> [Dataset items]
◇ ◇ ◇ ◇ ◇ ◇ ◇

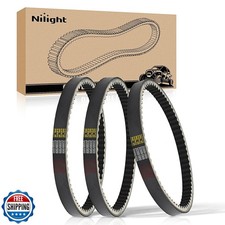 Nilight Drive Belt 30 Series Torque Converter Belt Fit for Manco 5959 Comet 2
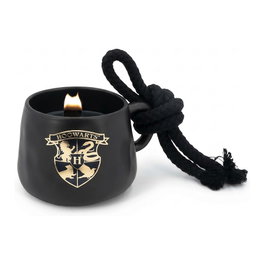Harry Potter Vela Aromática Cup with Rope Hogwarts - 200g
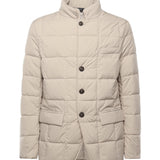 Piumino corto imbottito NAM45510210XLN C205 FAY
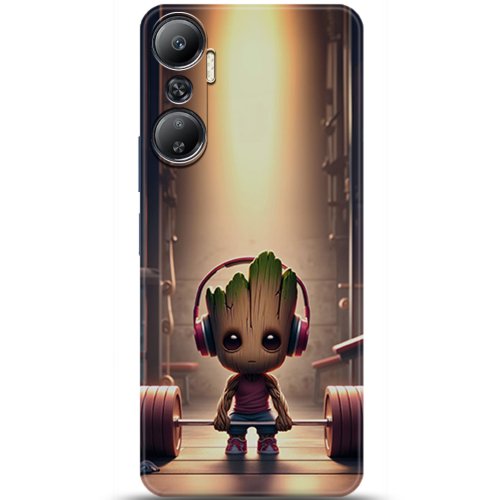 Uyumlu Kılıf HD Baskılı Kılıf - Followed Institution 5015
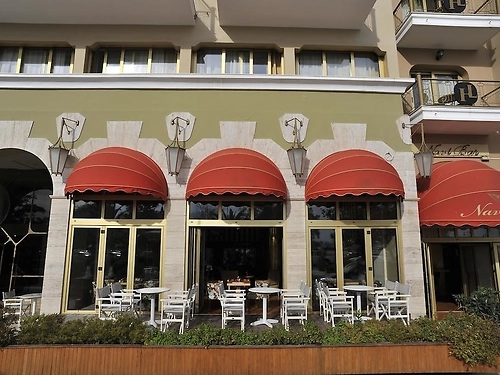 Hotel Lefkas Grecia (18 / 18)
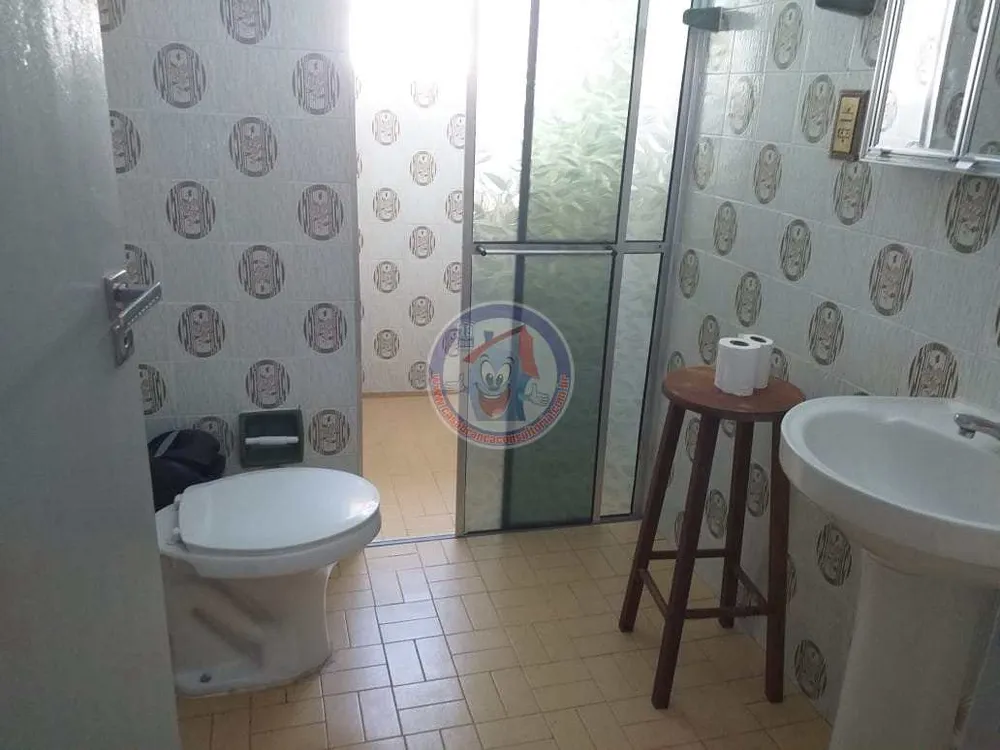 Casa, 3 quartos, 113 m² - Foto 9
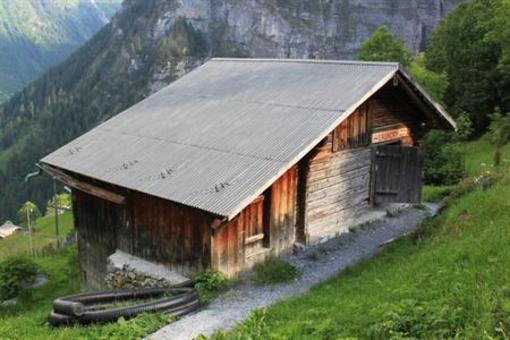 фото отеля Mountain Hostel
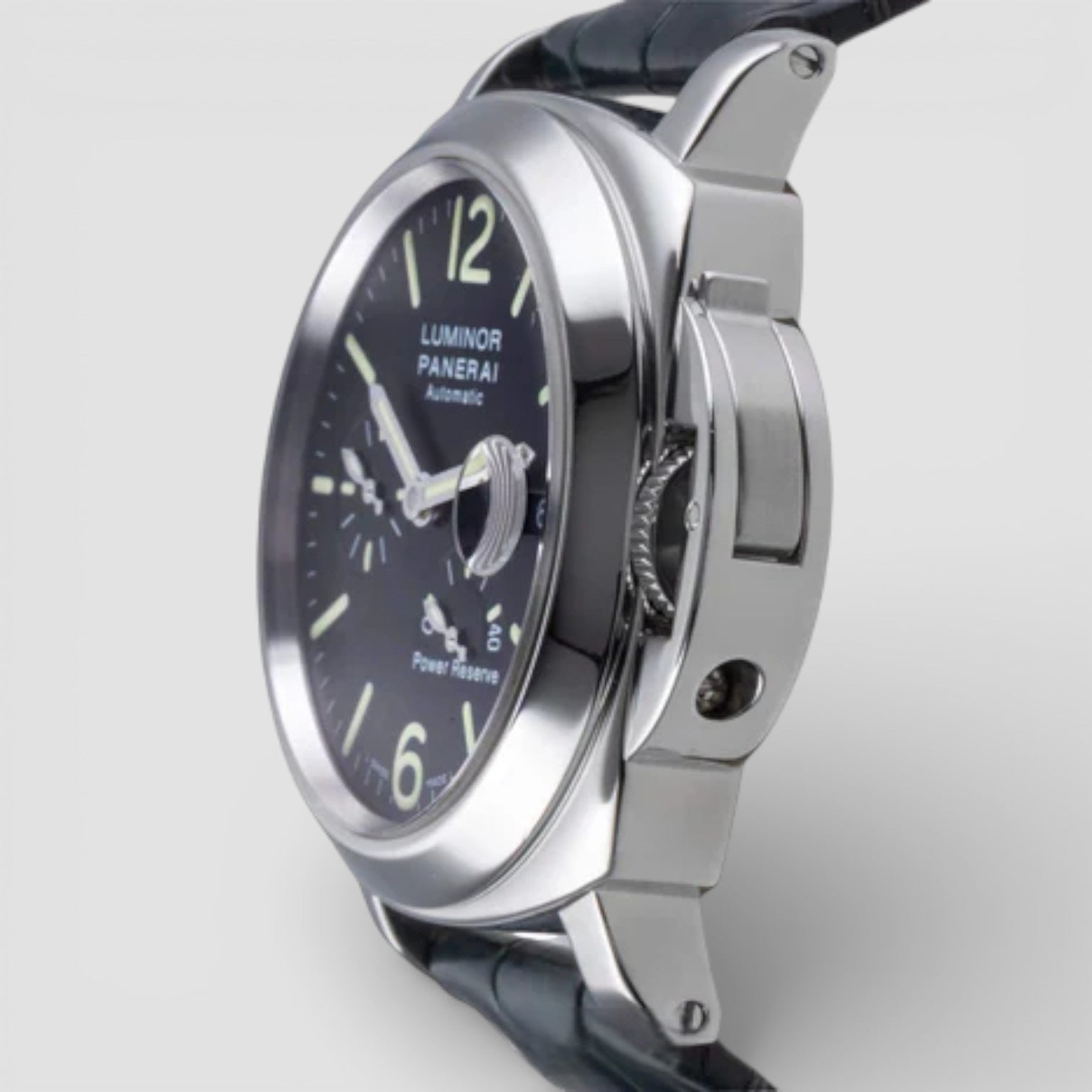 Luminor Power Reserve
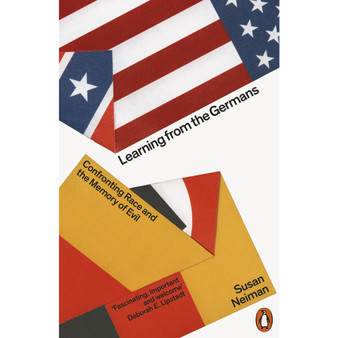 Learning from the Germans - ISBN 9780141983424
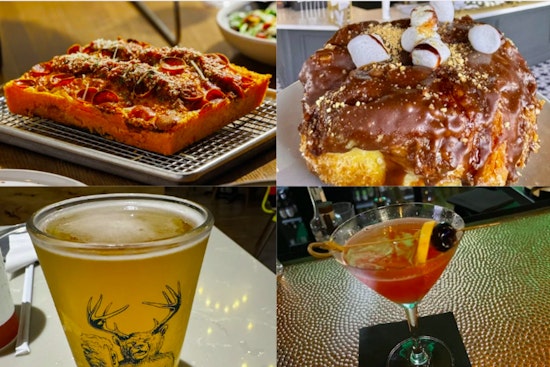 League City Welcomes Fresh Flavors with Four New Eateries Set to Open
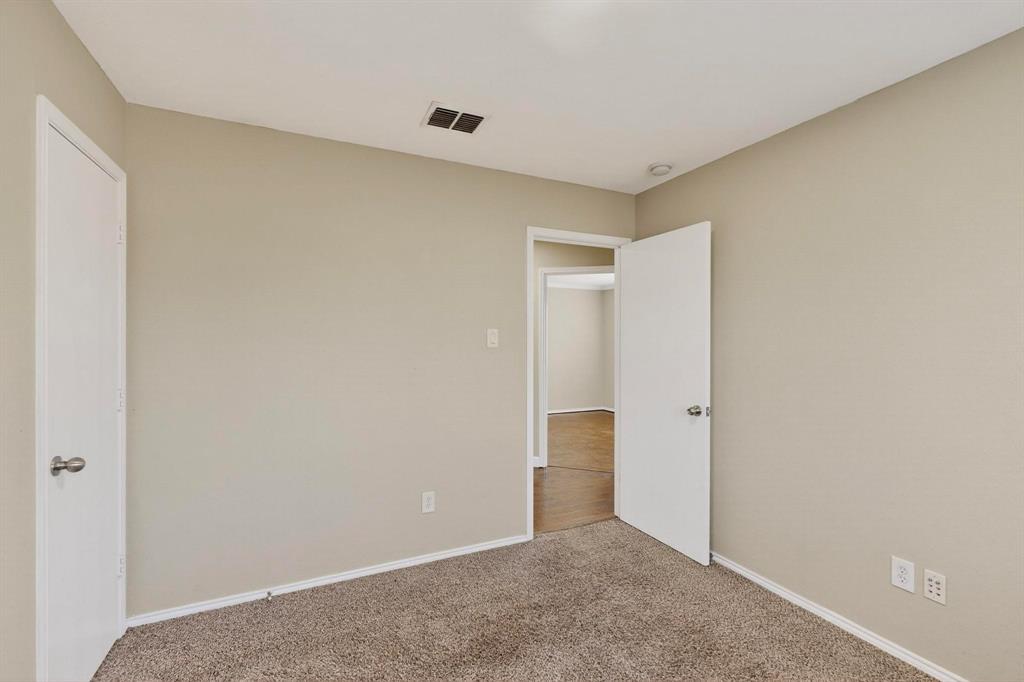 2114 Cypress Way Anna, TX 75409 - Photo 32 of 40 a view of an empty room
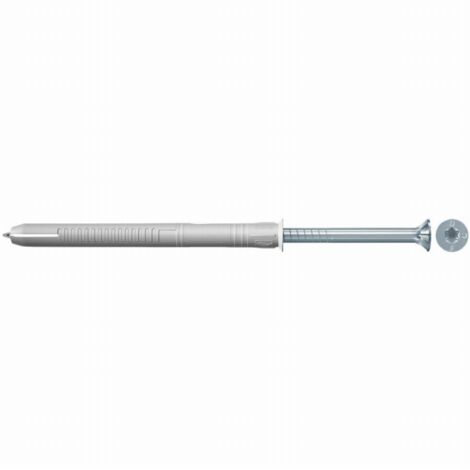 fischer Langschaftdübel FUR 8x80 T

◇ ◇ ◇ ◇ ◇ ◇ ◇

> [PROBLEM TO WORK ON]
Please give back exactly the lines from the first line of the records above through the line containing "League City Welcomes", only those and both included, with the pictures removed.

> [RESULT BELOW]
 Nilight Drive Belt 30 Series Torque Converter Belt Fit for Manco 5959 Comet 2
Harry Potter Vela Aromática Cup with Rope Hogwarts - 200g
 Piumino corto imbottito NAM45510210XLN C205 FAY
 Uyumlu Kılıf HD Baskılı Kılıf - Followed Institution 5015
 Hotel Lefkas Grecia (18 / 18)
 Casa, 3 quartos, 113 m² - Foto 9
 фото отеля Mountain Hostel
 Luminor Power Reserve
 Learning from the Germans - ISBN 9780141983424
 League City Welcomes Fresh Flavors with Four New Eateries Set to Open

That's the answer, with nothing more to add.